#NotAlone event at Vatican to show that human fraternity is possible
By Adriana Masotti
Saturday's late afternoon "World Meeting on Human Fraternity" in St. Peter's Square has been a great desire of Pope Francis, and much anticipated. The Meeting will begin at 4 pm Rome time and is open to anyone wishing to participate. In the morning, there will be opportunities to discuss the theme of human fraternity, with the event bringing together some 30 Nobel Peace Laureates, together with young people and humanitarian associations, in order to understand what kind of world is possible when the we focus on the importance of human fraternity, as expressed in Pope Francis' encyclical Fratelli tutti.
Representatives of some 76 organizations will be on hand, including representatives of the Christian Workers Movement, the Secular Franciscan Order, and members of Italy's agricultural association, Coldiretti, in addition to the Cooperativa Auxilium medical assistance and outreach organization.
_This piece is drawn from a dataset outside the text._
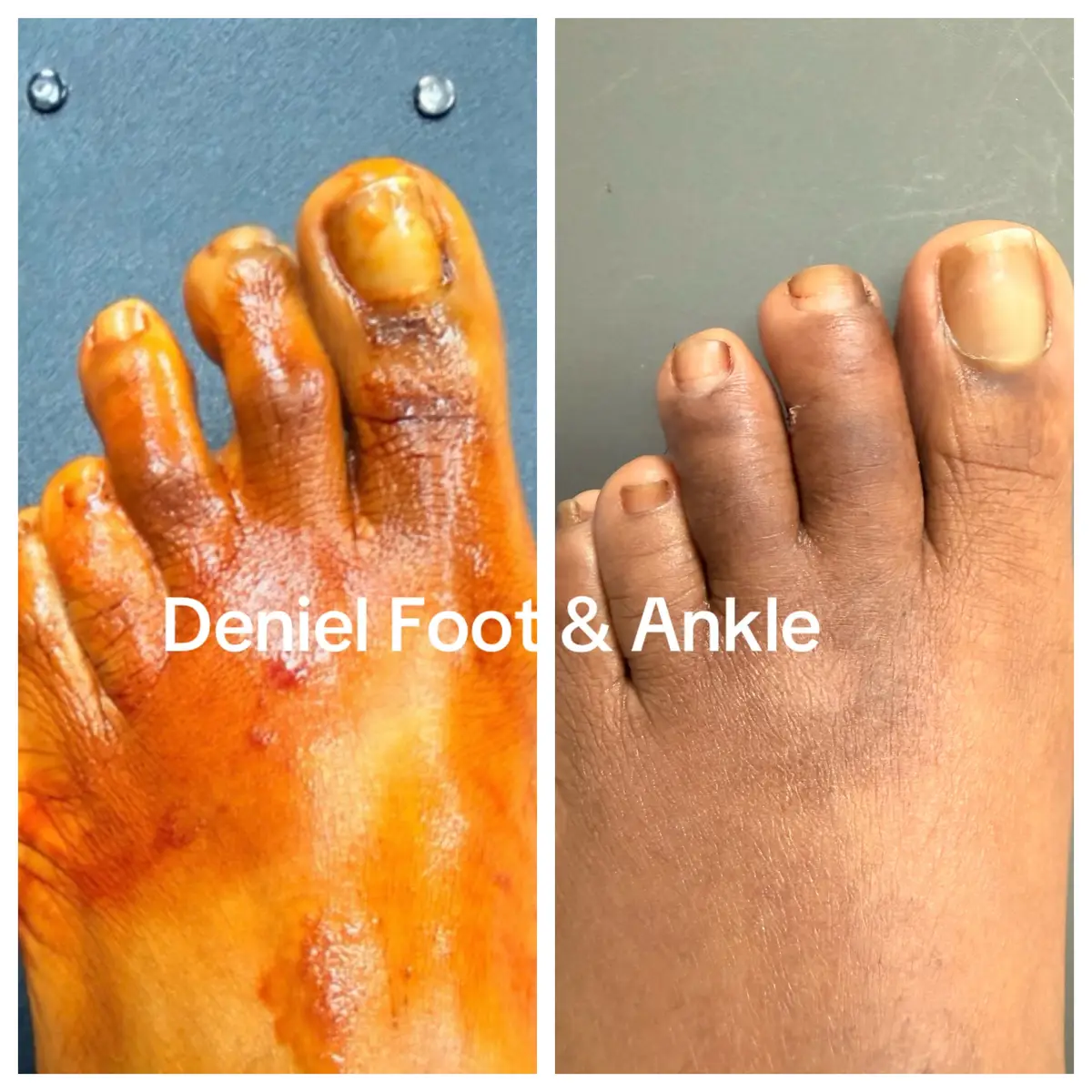 @Deniel Foot and Ankle Center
The World Meeting on Human Fraternity, with the title "Not Alone", aims to relaunch Pope Francis' dream of fraternity and also offer a way to express the closeness and prayers of all for the Pope, who was originally expected to be present at the event, but is currently in hospital.
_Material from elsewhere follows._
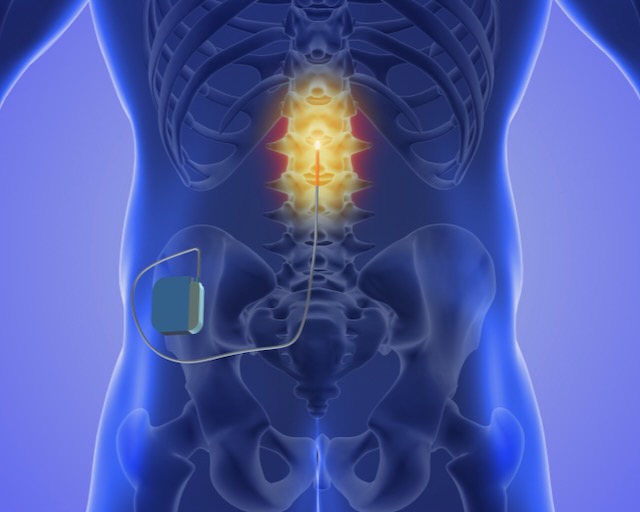 minimally invasive spine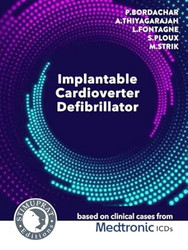 Implantable Cardioverter Defibrillator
Link-up with eight squares around the world
St. Peter's Square is "a place to be open more and more to the world in order to transform it", says Father Francesco Occhetta, secretary general of the Fratelli Tutti Foundation, which is organizing the event in collaboration with St. Peter's Basilica, the Dicastery for Promoting Integral Human Development, and the Dicastery for Communication.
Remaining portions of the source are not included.